WASHINGTON — Just back from their own long break, Supreme Court justices set out Monday to resolve a politically charged fight over when the Senate’s absence gives the president the power to make temporary appointments to high-level positions without senators’ approval.

The legal battle is the outgrowth of partisan rancor over presidential appointees that has characterized Washington over the past 20 years, and especially since President Barack Obama took office in 2009.

Recess appointments have divided Democrats and Republicans, with views changing depending on which party holds the White House. But during more than 90 minutes of arguments Monday, the Obama administration was hard pressed to find support for its stand in favor of recess appointments from justices named by Republicans and Democrats alike – including Obama.

Justice Elena Kagan, an Obama nominee, seized on the political dispute to make the point to Solicitor General Donald Verrilli Jr. that “congressional intransigence” to Obama nominees may not be enough to win the court fight.

Kagan, Verrilli’s predecessor as Obama’s top Supreme Court lawyer, suggested that it “is the Senate’s role to determine whether they’re in recess.”

The court is writing on a blank slate as it considers for the first time the Constitution’s recess appointments clause. That clause allows the president to fill vacancies temporarily, but only when the Senate is in recess.

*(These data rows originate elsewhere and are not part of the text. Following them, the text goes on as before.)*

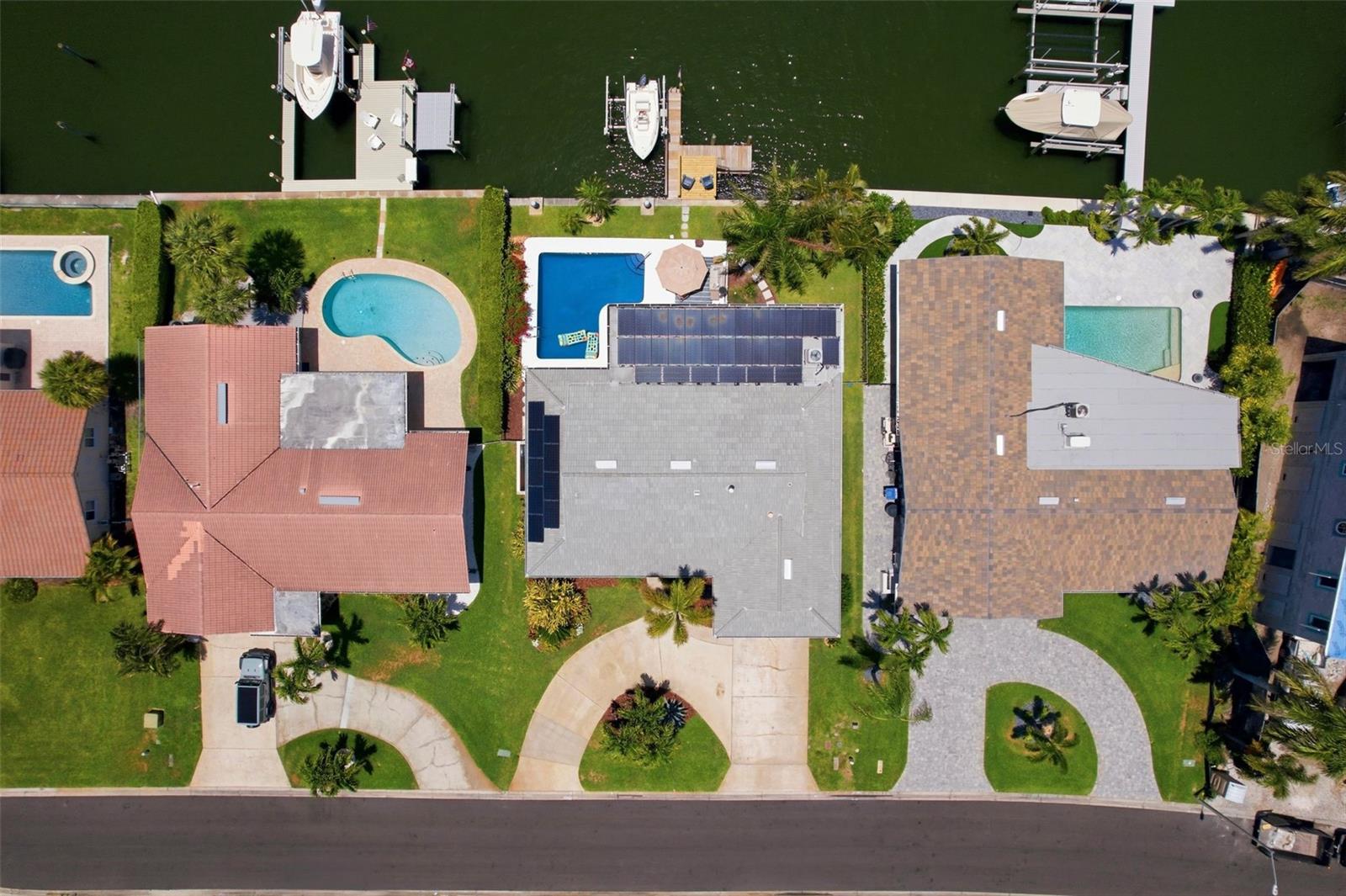 Rather than putting on layers of winter gear and braving the biting cold, wake up in paradise, in your completely remodeled and fully furnished, Florida. waterfront home. You begin your day with breakfast on your private dock, with a watchful eye for dolphin, manatee, and our neighborhood Great Blue Heron, which frequent the sparkling water basin on which your home resides. By afternoon, you are on your boat, launched from your private boat lift, and in Tampa Bay, kayaking and paddleboarding in Weedon Island Preserve, floating in your pool just feet from the water’s edge, reading a book under the palms, taking care of life from your water front sunroom/office, out and about in gorgeous downtown St. Pete, or at any one of the many magnificent beaches, all just minutes from your dock or door step. By evening you are taking in the magnificent sunsets, grilling, sitting by the fire, and watching the stars, from your waterfront pool/patio deck, or out on the town at one of St. Pete’s award-winning restaurants and famous St. Pete Pier. This is your life in Venetian Isles, a quiet, residential hamlet, and one of St. Petersburg’s most sought after water-front communities.

The Residence
3-bedroom, 2 ensuite baths, 2,200 sq. ft., contemporary furnished, move-in-ready open living space. The sparkling new kitchen features quartz countertops, stainless steel appliances and coffee bar. The open concept living room and dining room, with floor to ceiling glass sliding doors, open-up to your private, waterfront, pool deck. The primary suite offers a king-size bed, walk-in closet, and spa shower ensuite. The additional two bedrooms, located on the opposite side of the home, one of which has a private ensuite, are each tastefully appointed with a queen bed, closet, dresser and television. All you need to bring are your toothbrush, clothes, car and boat.

The Location
Venetian Isles is minutes away from everything that makes St. Pete one of the most desirable cities in Florida: downtown’s restaurants, galleries, festivals and parks, and only 35 minutes from Tampa International Airport. St. Pete is famous for its world-class museums, stunning Gulf Coast beaches and vibrant arts scene. Known as the “Sunshine City” for holding a world record of 768 consecutive days of sunshine, it perfectly blends outdoor relaxation with a rich cultural hub.   All maintenance and utilities are included right down to the pool floats.  All that is needed is you.
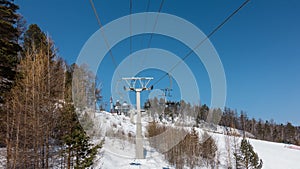 Chairlift over a snow-covered mountainside against a blue sky.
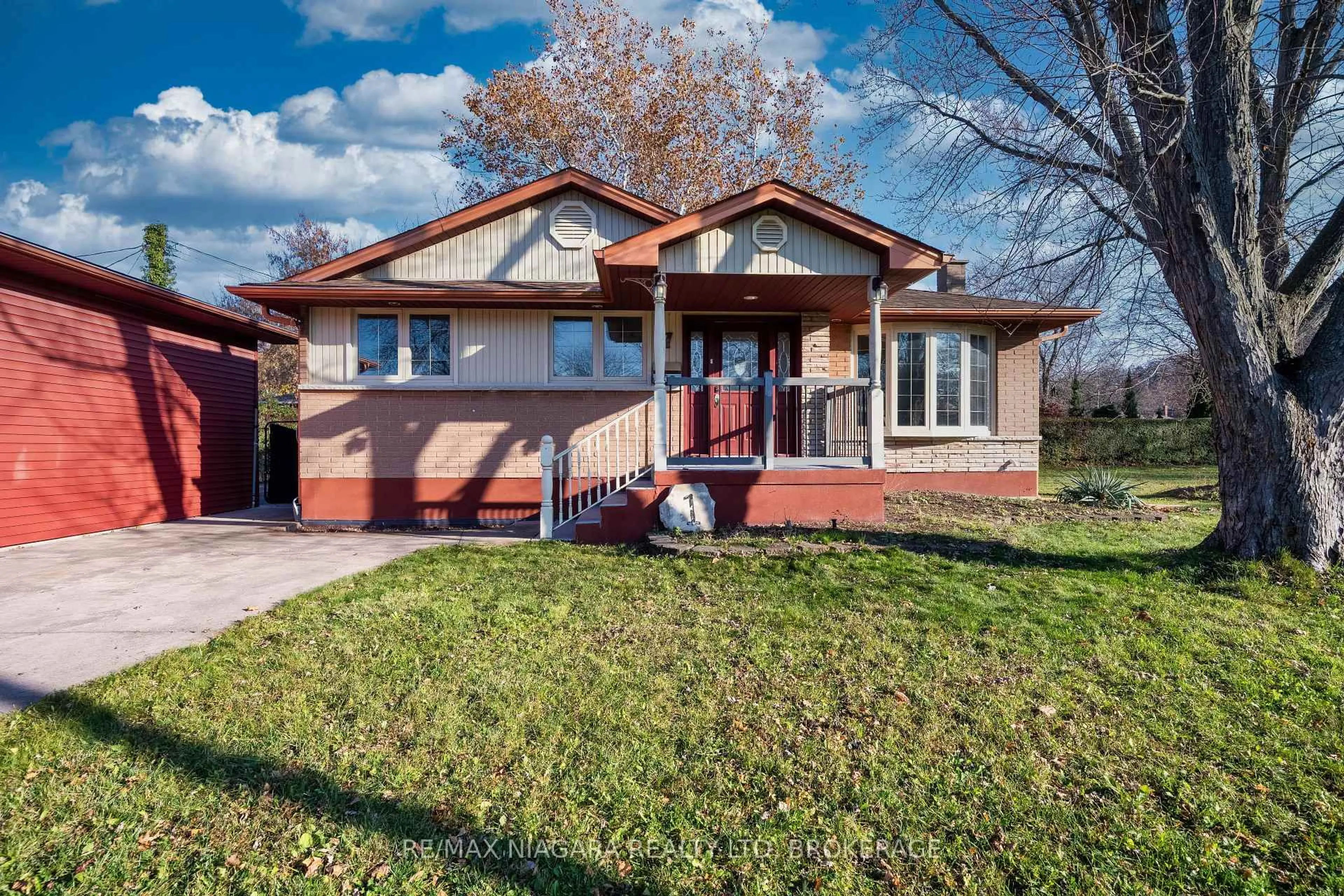 Home with brick exterior material, street for 1 East Hampton Rd, St. Catharines Ontario L2T 3C9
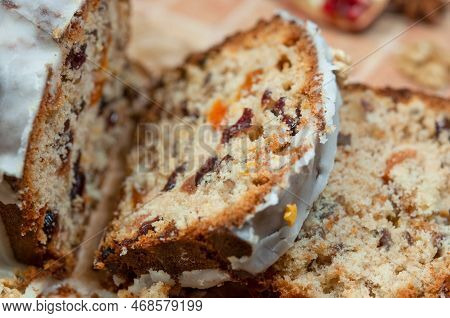 Christmas Stollen With Candied Fruit And Dried Fruits On Parchment. Stollen - Traditional German Bre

The constitutional issue may be new to the court, but two justices lived through the political tussle over nominations. Both Chief Justice John Roberts and Kagan were nominated to the federal appeals court in Washington, but saw their nominations blocked in the Senate. Roberts eventually won confirmation, but Kagan did not. And one of the lawyers involved in Monday’s case withdrew his nomination to the same court.

The Senate has “an absolute right not to confirm nominees that the President submits,” Roberts said.

The administration was “latching onto” the constitutional provision to combat the Senate’s refusal to act, even though it was written to deal with an era when horseback was the fastest mode of transportation and Congress was absent from Washington for long periods, Roberts said.

Even Justice Ruth Bader Ginsburg, perhaps Verrilli’s most sympathetic questioner, said at one point, “I think to be candid, the Senate is always available. They can be called back on very short notice.”

Monday’s case, the first argument at the court in more than a month, is a dispute over Obama’s appointments to the National Labor Relations Board in January 2012. Republicans and employers who objected to NLRB decisions made by those Obama appointees say the Senate was not in recess when Obama acted, and so any decisions made by the board were illegitimate.

There are three questions before the court — whether recess appointments can be made only during the once-a-year break between sessions of Congress, whether the vacancy must occur while the Senate is away in order to be filled during the same break and whether brief, pro forma sessions of the Senate, held every few days to break up a longer Senate hiatus, can prevent the president from making recess appointments.

The latter question offers the court a narrower way to rule on recess appointments.

Verrilli seemed to signal he would rather lose on that question than the first two. But under any circumstance he said, “You really are writing the recess appointments power out of the Constitution,” he said.

The importance of recess appointments has dimmed in recent months, since majority Democrats changed the Senate’s rules to make it harder for the minority party to block the president’s nominees to federal agencies and the courts.

But the issue could once again be front and center when the White House and Senate are controlled by different parties.

Senate Republicans’ refusal to allow votes for nominees to the NLRB and the new Consumer Financial Protection Bureau led Obama to make the temporary, or recess, appointments in January 2012.

Three federal appeals courts have said Obama overstepped his authority because the Senate was not in recess when he acted. The Supreme Court case involves a dispute between a Washington state bottling company and a local Teamsters union in which the NLRB sided with the union. The U.S. Circuit Court of Appeals for the District of Columbia overturned the board’s ruling, and hundreds more NLRB rulings could be voided if the Supreme Court upholds the appeals court decision.

Three federal appeals courts have upheld recess appointments in previous administrations.

Washington lawyer Miguel Estrada represented Senate Republicans on Monday. Estrada withdrew his appeals court nomination in 2003, after Senate Democrats used the rules that recently were changed to repeatedly prevent a vote on the Senate floor.

With seemingly no trace of irony in his voice, Estrada said the Constitution erected a political structure that requires the branches of government to cooperate. “You have to act jointly. You have to play nice,” he said. “And in a country of 300 million people, it’s always possible for the president to come up with another nominee who is even more qualified and acceptable to the Senate.”

A decision is expected by late June.

The case is National Labor Relations Board v. Noel Canning, 12-1281.